== About this task ==
Omit all pictures and transcribe only the lines in the entries below that run from the line with "1240 JAMES AVENUE S ST PETERSBURG, FL 33705" through the line with "Mettler Toledo PR203".

== Data listing ==
****************

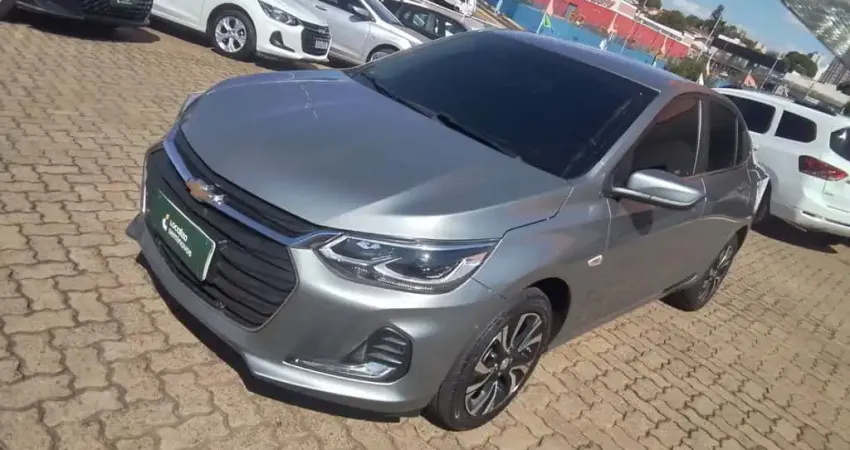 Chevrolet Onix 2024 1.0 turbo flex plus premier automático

****************

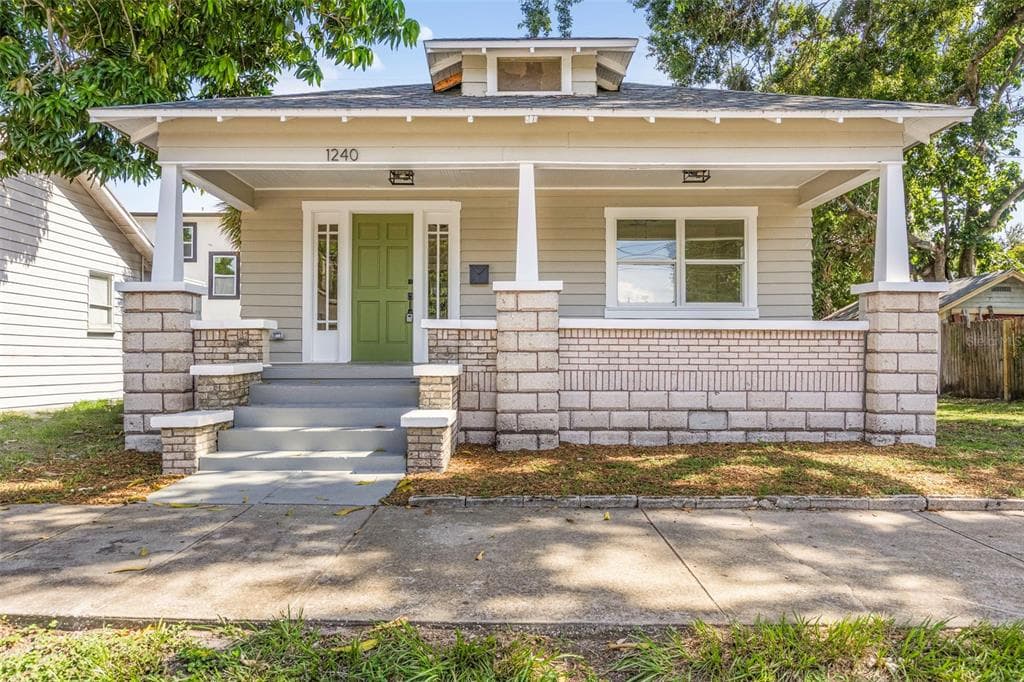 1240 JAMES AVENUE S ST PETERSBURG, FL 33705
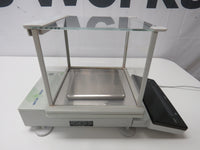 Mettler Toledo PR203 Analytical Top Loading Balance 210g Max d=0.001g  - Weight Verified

****************

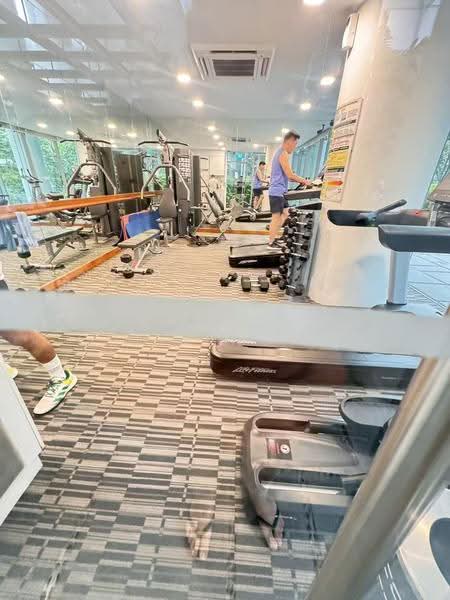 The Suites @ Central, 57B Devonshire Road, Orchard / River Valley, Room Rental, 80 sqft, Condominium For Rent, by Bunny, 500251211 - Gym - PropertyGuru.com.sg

****************

== Output of the exercise ==
 1240 JAMES AVENUE S ST PETERSBURG, FL 33705
 Mettler Toledo PR203 Analytical Top Loading Balance 210g Max d=0.001g  - Weight Verified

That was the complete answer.